> What you are asked to do
Your task is to copy each line of the listing that contains the word "outdoor".
···
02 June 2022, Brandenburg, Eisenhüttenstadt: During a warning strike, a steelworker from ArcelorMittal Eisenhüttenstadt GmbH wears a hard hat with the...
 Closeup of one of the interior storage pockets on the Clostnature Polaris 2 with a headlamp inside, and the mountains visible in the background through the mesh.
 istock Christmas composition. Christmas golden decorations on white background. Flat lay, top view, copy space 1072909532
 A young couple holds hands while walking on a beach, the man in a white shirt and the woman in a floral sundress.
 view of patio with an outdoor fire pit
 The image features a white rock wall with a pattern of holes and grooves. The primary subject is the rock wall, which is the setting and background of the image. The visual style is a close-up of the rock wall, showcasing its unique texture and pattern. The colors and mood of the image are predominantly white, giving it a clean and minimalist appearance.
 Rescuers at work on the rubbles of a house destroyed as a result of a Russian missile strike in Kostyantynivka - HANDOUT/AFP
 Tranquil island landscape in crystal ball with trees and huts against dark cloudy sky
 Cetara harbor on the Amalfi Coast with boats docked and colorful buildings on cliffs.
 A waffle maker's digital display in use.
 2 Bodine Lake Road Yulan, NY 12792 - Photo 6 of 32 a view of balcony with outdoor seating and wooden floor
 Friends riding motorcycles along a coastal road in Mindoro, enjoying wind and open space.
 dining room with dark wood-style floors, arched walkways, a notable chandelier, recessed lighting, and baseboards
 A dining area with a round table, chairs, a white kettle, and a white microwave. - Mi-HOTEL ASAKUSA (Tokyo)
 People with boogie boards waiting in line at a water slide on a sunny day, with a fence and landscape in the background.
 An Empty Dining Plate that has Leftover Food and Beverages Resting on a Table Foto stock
···
> Solved exercise
 view of patio with an outdoor fire pit
 2 Bodine Lake Road Yulan, NY 12792 - Photo 6 of 32 a view of balcony with outdoor seating and wooden floor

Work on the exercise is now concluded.